┌──

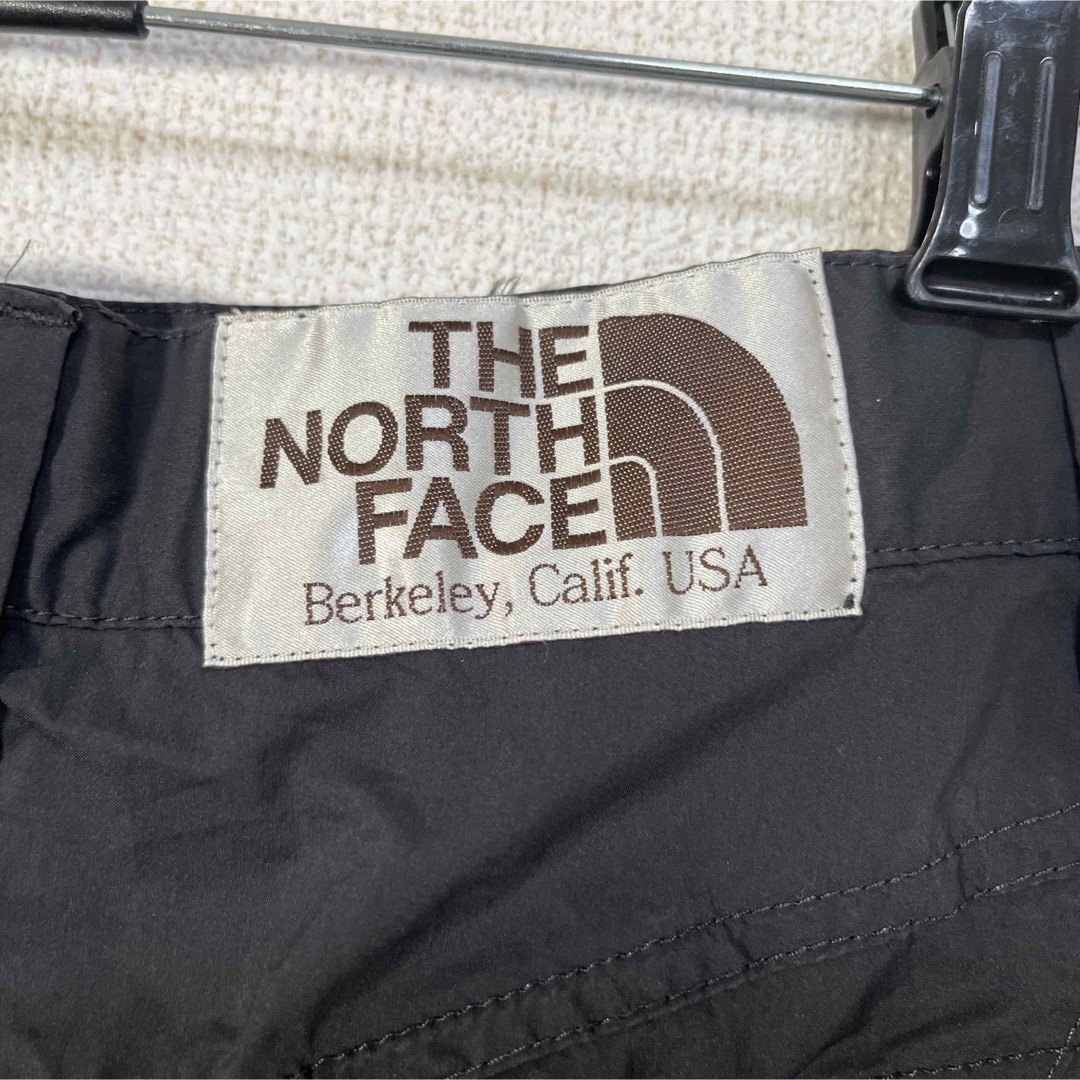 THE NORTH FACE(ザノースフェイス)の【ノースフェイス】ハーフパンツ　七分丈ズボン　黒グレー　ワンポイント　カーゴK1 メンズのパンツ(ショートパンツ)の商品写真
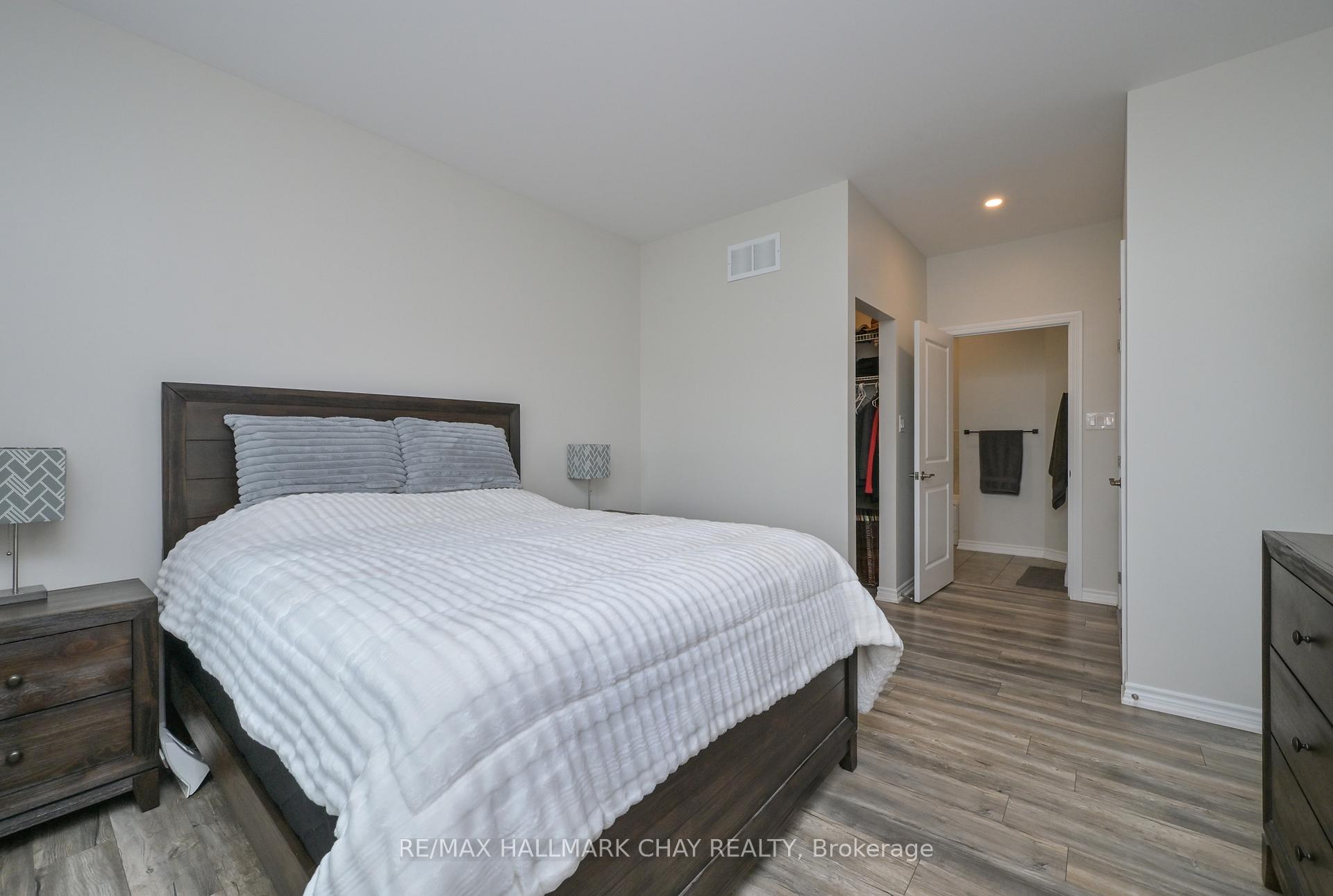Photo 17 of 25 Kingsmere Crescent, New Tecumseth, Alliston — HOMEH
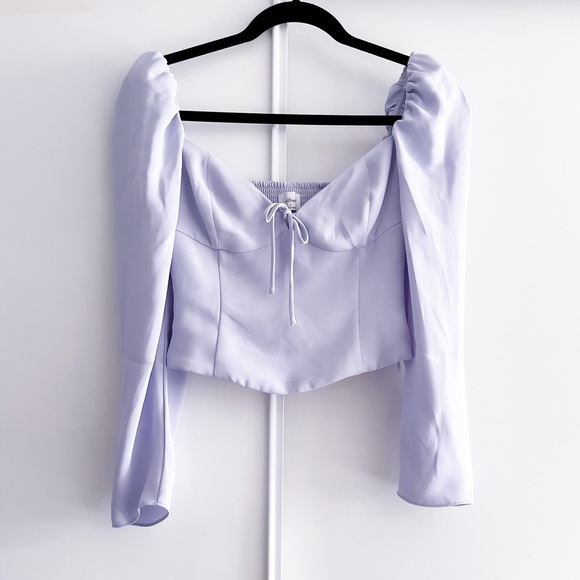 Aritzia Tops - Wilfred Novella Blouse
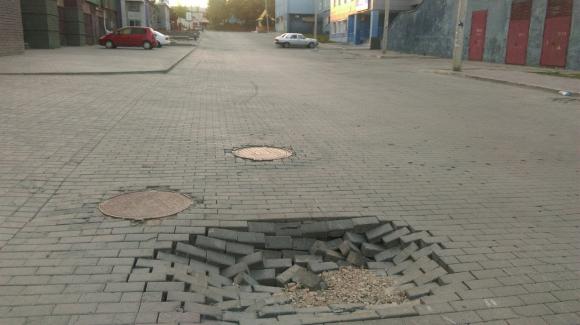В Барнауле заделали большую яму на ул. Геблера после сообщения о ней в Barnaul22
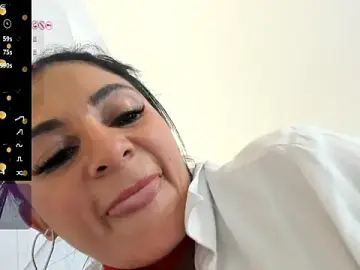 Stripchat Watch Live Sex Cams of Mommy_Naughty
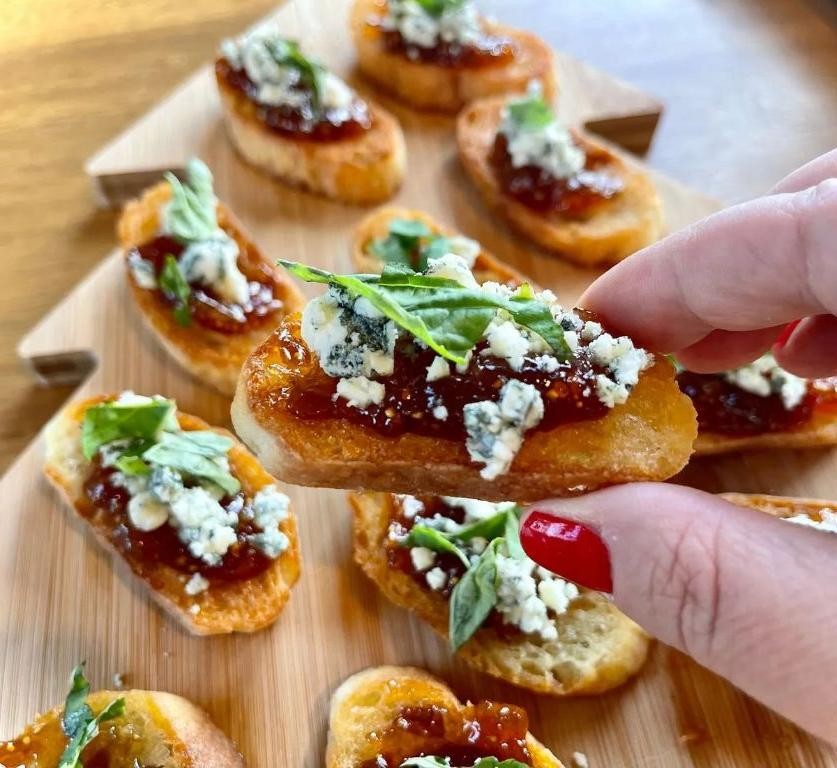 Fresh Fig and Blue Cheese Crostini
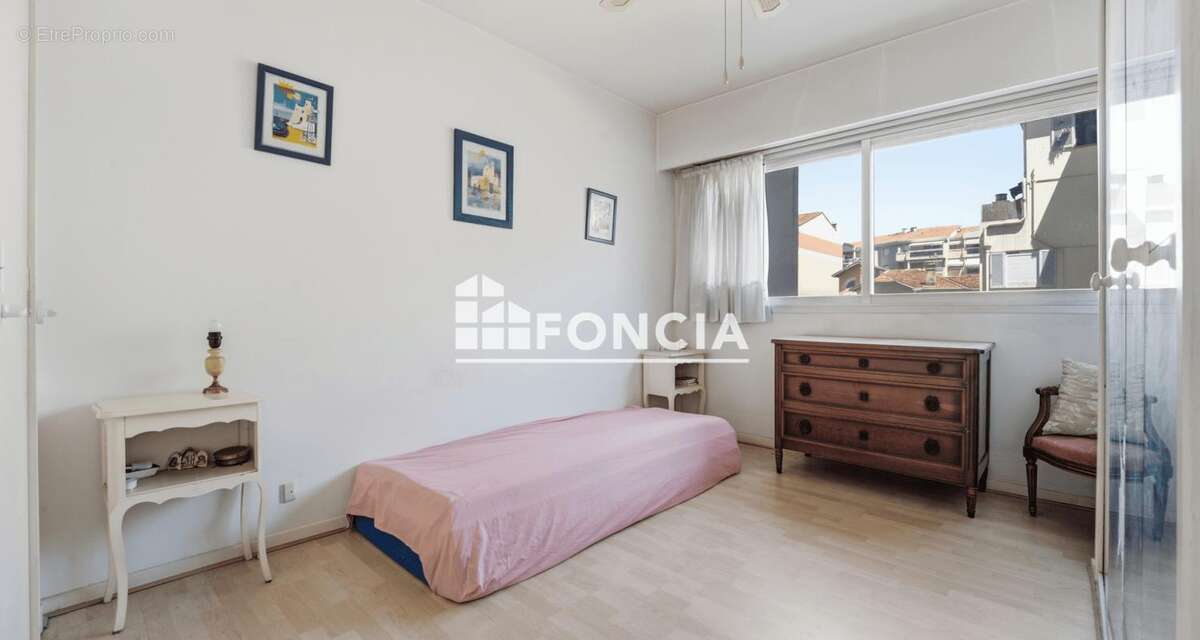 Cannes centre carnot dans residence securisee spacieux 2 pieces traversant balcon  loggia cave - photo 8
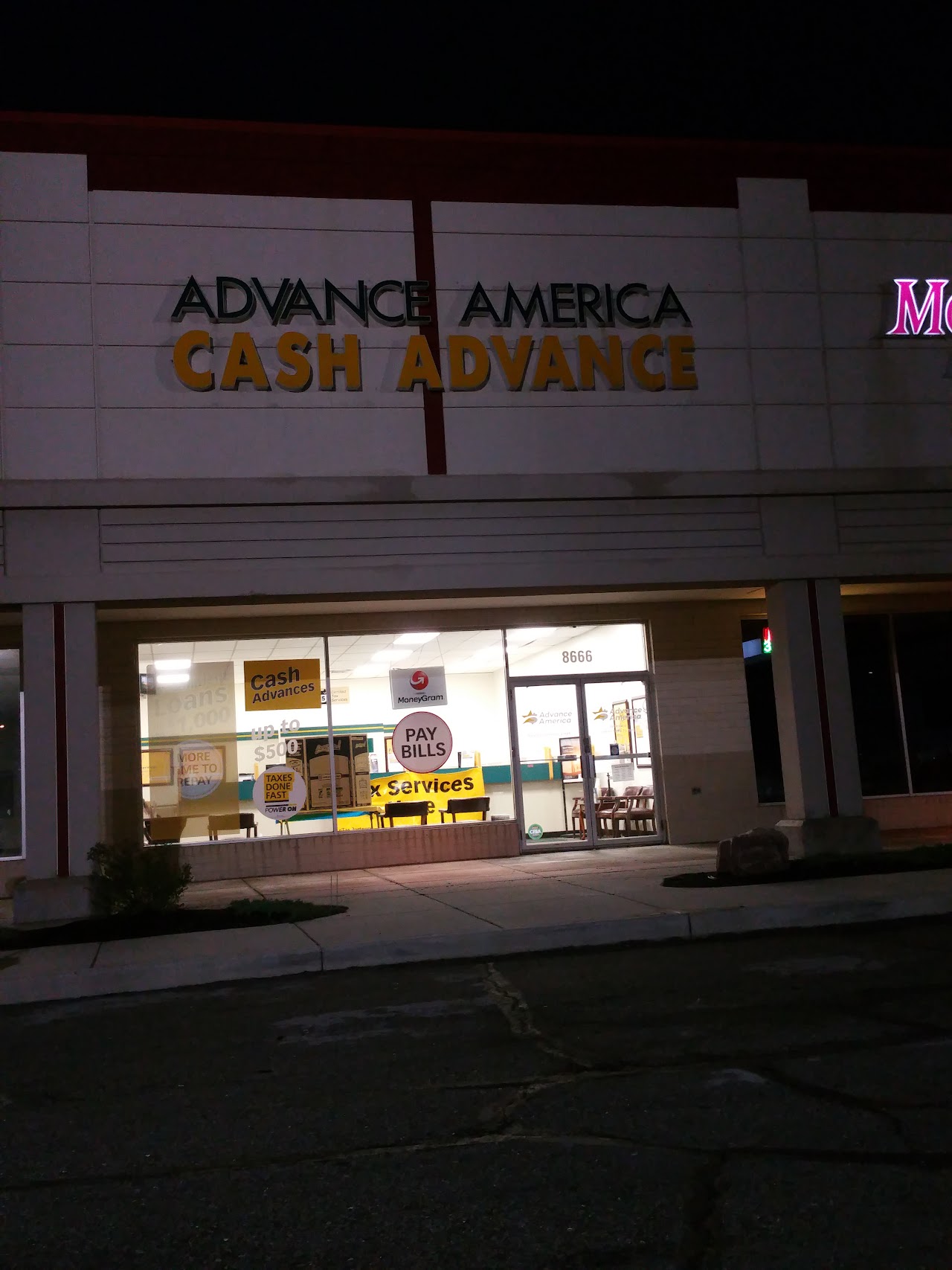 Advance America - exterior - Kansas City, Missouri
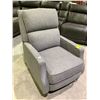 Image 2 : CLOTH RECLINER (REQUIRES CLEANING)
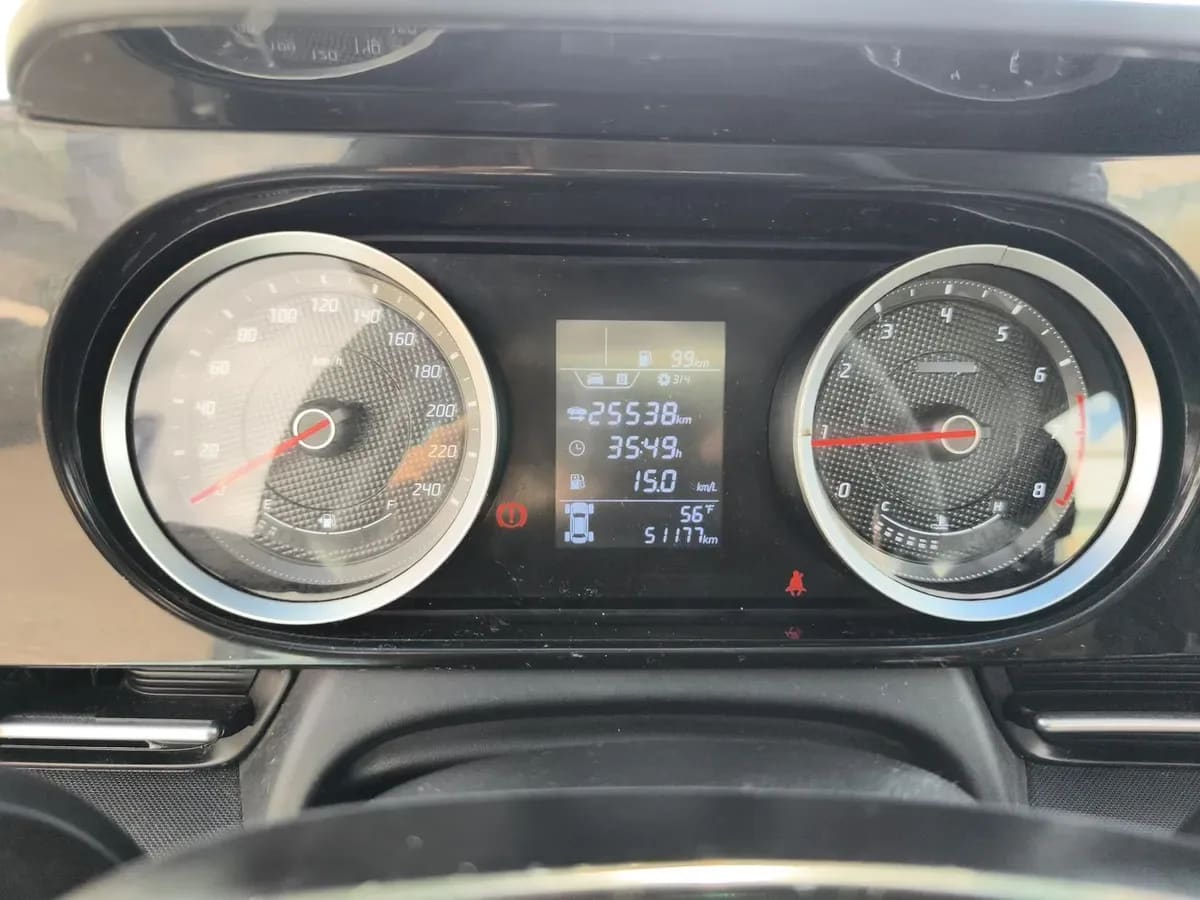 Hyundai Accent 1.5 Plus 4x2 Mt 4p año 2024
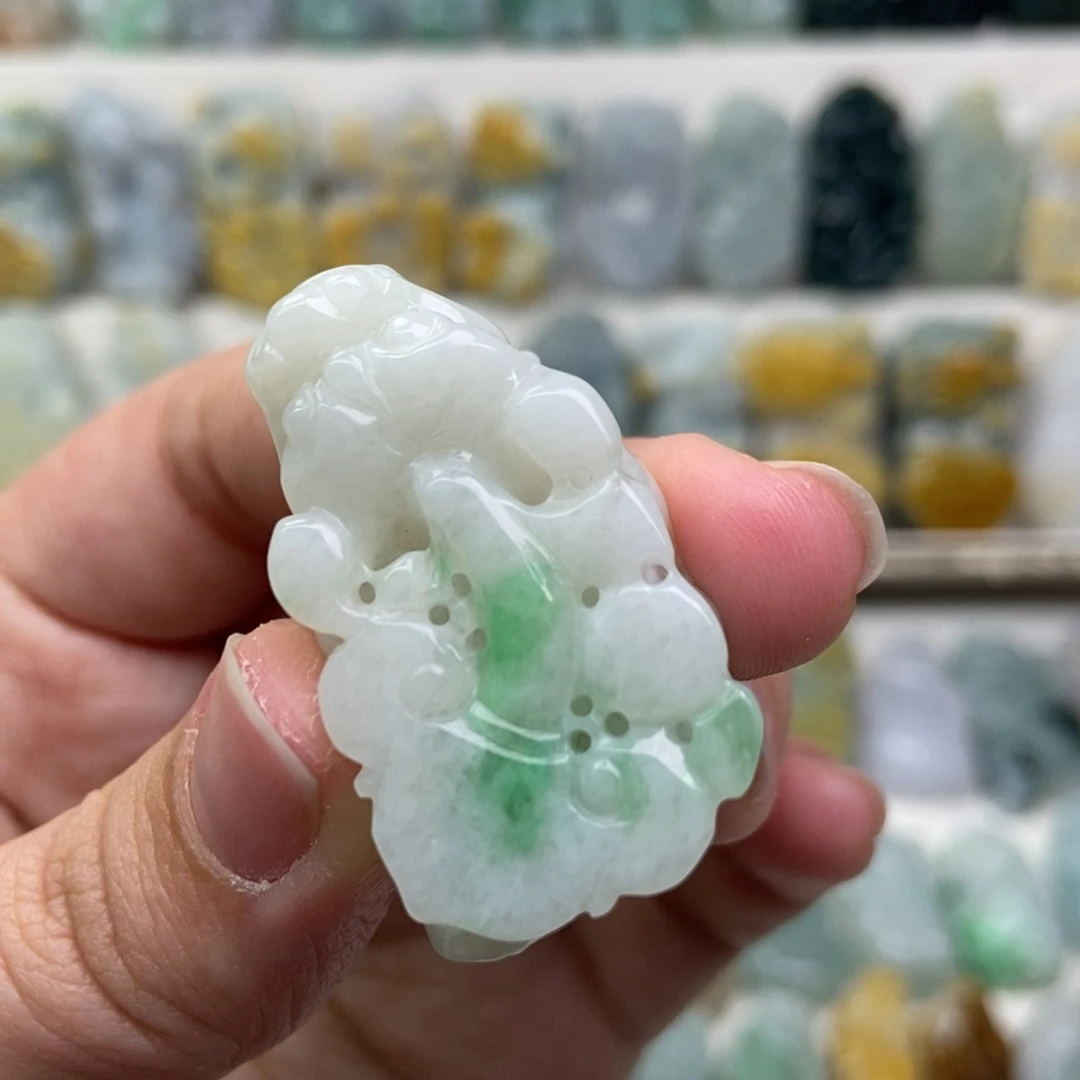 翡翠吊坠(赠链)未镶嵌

└──

Activity:
Beginning with the first line of the records and ending with the line that contains "Aritzia Tops - Wilfred Novella Blouse", reproduce every line exactly, omitting pictures and adding nothing.

The completed task:
 THE NORTH FACE(ザノースフェイス)の【ノースフェイス】ハーフパンツ　七分丈ズボン　黒グレー　ワンポイント　カーゴK1 メンズのパンツ(ショートパンツ)の商品写真
Photo 17 of 25 Kingsmere Crescent, New Tecumseth, Alliston — HOMEH
 Aritzia Tops - Wilfred Novella Blouse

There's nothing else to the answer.